* [The task]: Print only the lines below from the one with "Today I'll be" to the one with "Once you click", both included, exactly as they stand. Leave pictures out.

* [Given data]:
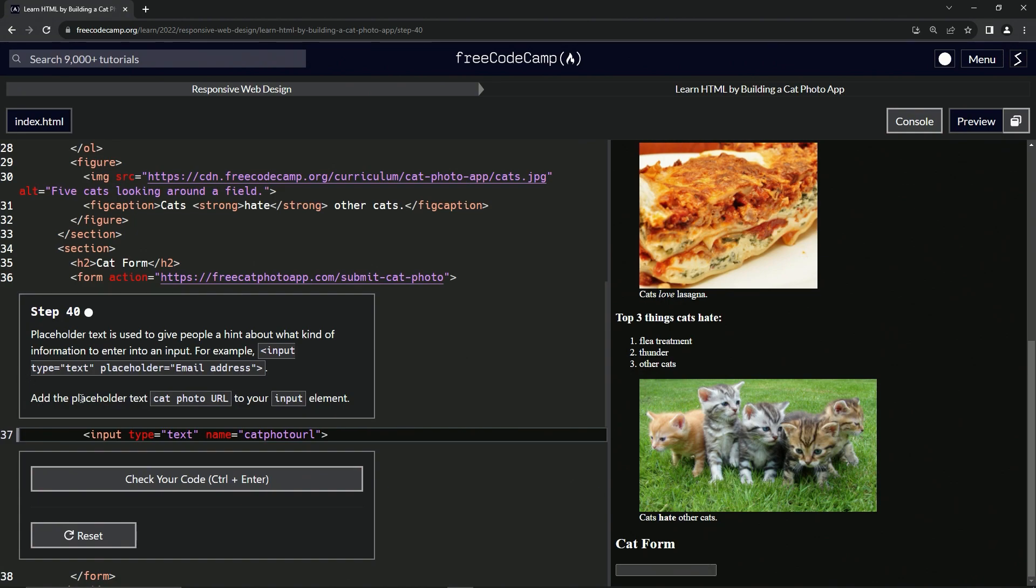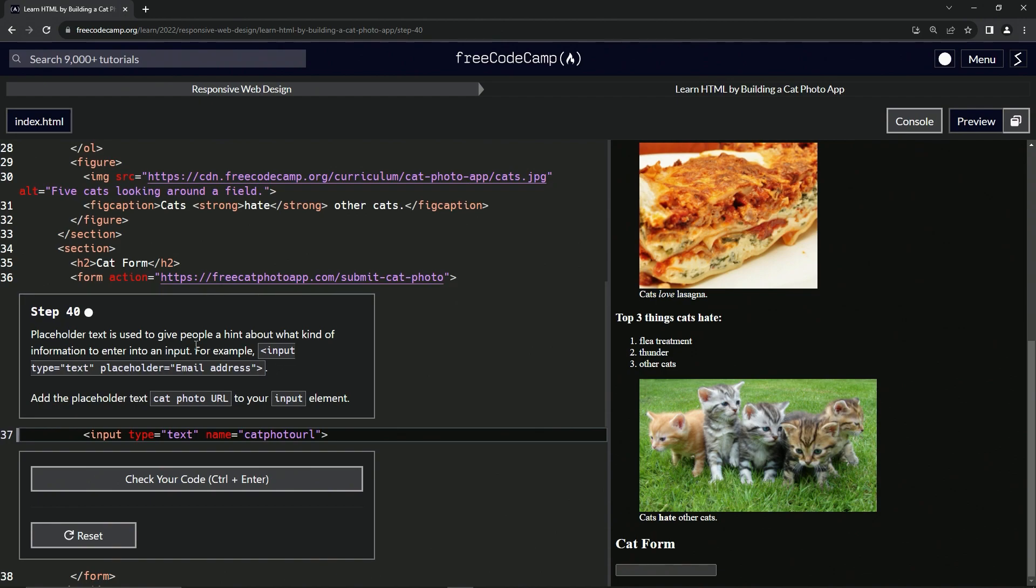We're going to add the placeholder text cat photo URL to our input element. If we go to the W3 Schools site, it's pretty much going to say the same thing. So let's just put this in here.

==

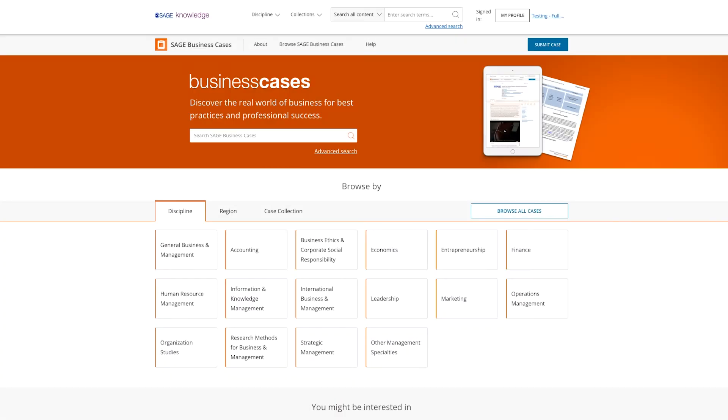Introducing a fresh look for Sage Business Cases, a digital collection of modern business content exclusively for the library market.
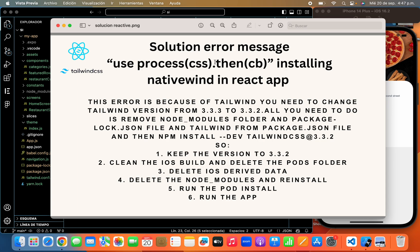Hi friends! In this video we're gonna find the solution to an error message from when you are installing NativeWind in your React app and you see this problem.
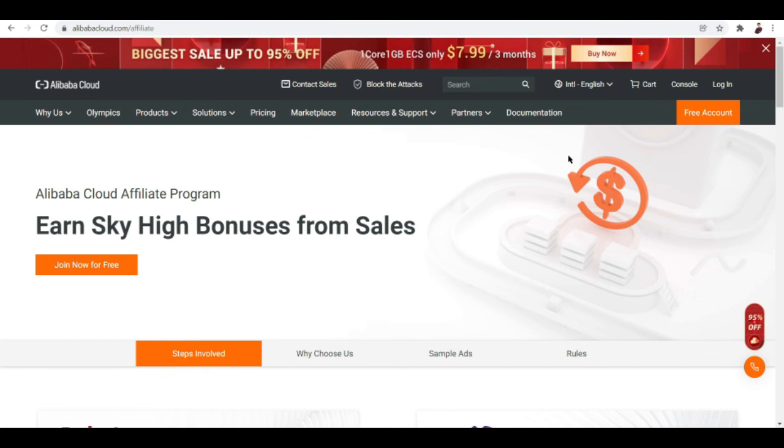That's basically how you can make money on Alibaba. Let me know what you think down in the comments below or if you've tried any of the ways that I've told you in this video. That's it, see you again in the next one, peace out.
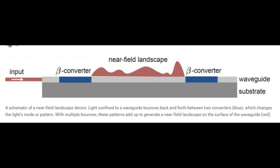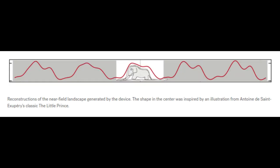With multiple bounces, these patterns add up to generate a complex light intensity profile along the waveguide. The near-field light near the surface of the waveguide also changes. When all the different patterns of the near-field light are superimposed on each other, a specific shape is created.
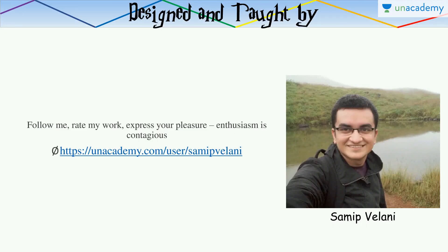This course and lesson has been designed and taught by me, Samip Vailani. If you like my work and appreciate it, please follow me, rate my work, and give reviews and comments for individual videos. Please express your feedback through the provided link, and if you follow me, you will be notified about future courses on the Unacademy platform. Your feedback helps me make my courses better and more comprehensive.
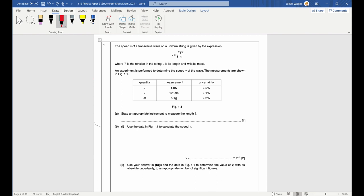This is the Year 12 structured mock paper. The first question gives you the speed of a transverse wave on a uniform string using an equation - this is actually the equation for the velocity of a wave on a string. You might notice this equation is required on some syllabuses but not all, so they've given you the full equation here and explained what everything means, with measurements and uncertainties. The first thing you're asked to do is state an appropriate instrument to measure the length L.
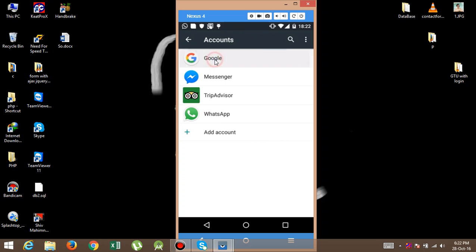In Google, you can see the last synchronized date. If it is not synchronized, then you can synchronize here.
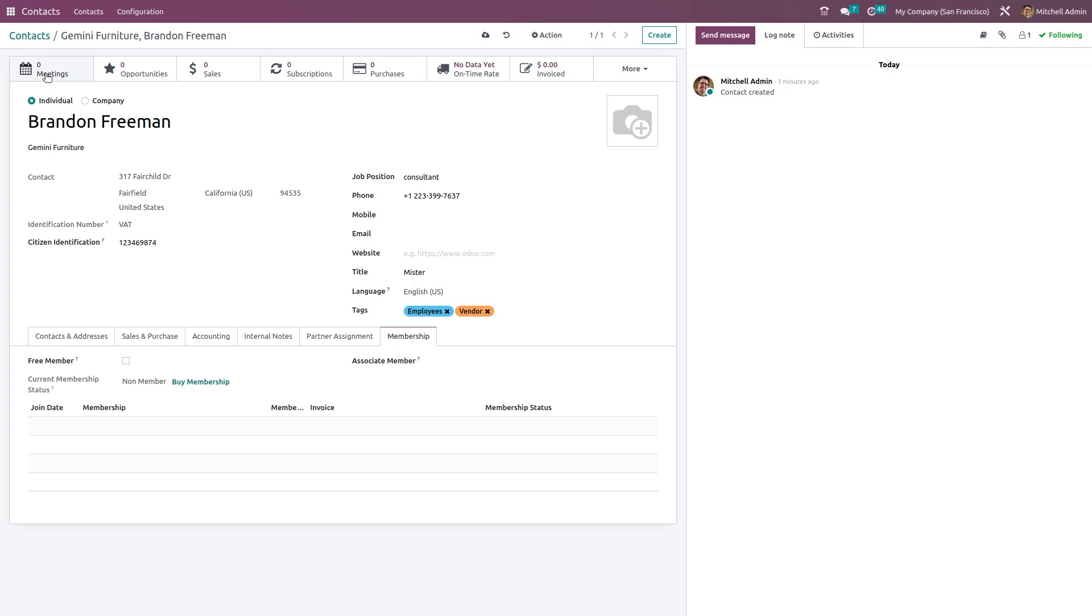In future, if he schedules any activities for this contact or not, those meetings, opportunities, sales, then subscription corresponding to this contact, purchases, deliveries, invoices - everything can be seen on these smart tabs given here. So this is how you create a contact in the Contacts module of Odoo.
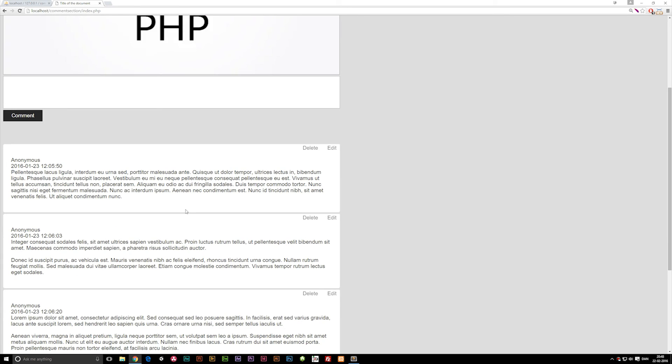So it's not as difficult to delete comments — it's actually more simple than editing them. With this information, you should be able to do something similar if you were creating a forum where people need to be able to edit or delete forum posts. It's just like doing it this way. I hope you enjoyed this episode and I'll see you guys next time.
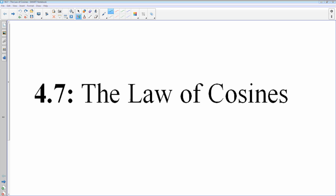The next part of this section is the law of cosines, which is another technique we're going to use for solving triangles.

* * *

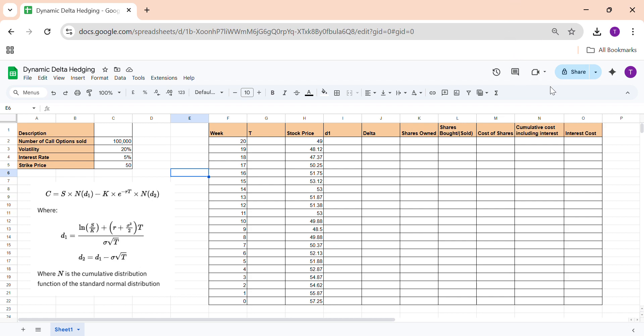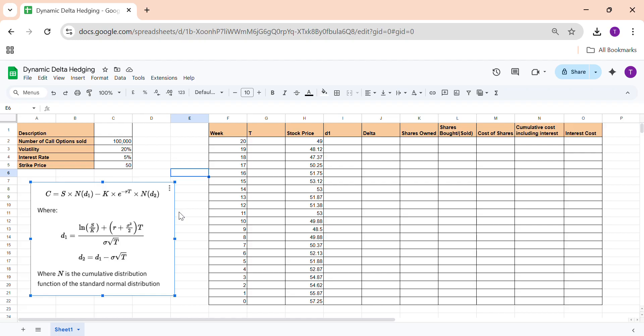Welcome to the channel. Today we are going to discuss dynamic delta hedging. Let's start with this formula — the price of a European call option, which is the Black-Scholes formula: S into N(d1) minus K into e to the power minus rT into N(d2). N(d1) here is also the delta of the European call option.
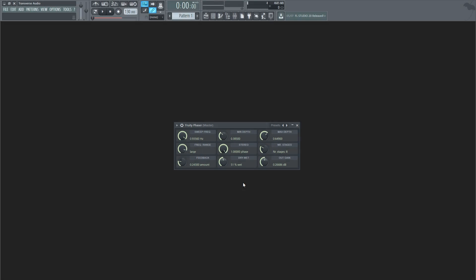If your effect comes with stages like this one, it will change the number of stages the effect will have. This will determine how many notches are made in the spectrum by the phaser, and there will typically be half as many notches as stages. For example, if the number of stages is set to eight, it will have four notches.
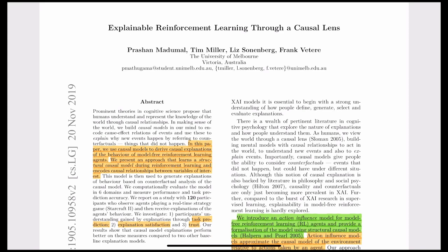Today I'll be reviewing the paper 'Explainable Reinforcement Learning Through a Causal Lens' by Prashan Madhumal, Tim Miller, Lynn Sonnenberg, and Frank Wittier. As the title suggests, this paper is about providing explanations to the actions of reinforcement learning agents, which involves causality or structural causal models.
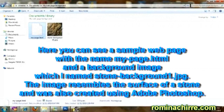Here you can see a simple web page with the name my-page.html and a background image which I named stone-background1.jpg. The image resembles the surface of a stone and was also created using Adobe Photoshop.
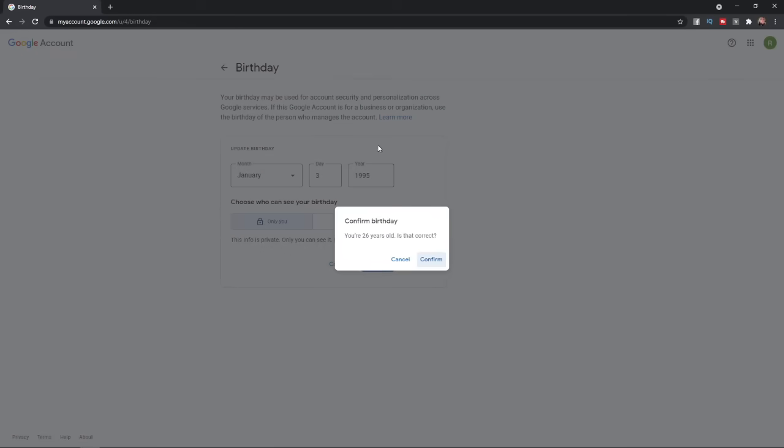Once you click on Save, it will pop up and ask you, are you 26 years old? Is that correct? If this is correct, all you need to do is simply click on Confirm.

* [Solution for this task]:
Today I'll be reviewing the paper 'Explainable Reinforcement Learning Through a Causal Lens' by Prashan Madhumal, Tim Miller, Lynn Sonnenberg, and Frank Wittier. As the title suggests, this paper is about providing explanations to the actions of reinforcement learning agents, which involves causality or structural causal models.
Here you can see a simple web page with the name my-page.html and a background image which I named stone-background1.jpg. The image resembles the surface of a stone and was also created using Adobe Photoshop.
Once you click on Save, it will pop up and ask you, are you 26 years old? Is that correct? If this is correct, all you need to do is simply click on Confirm.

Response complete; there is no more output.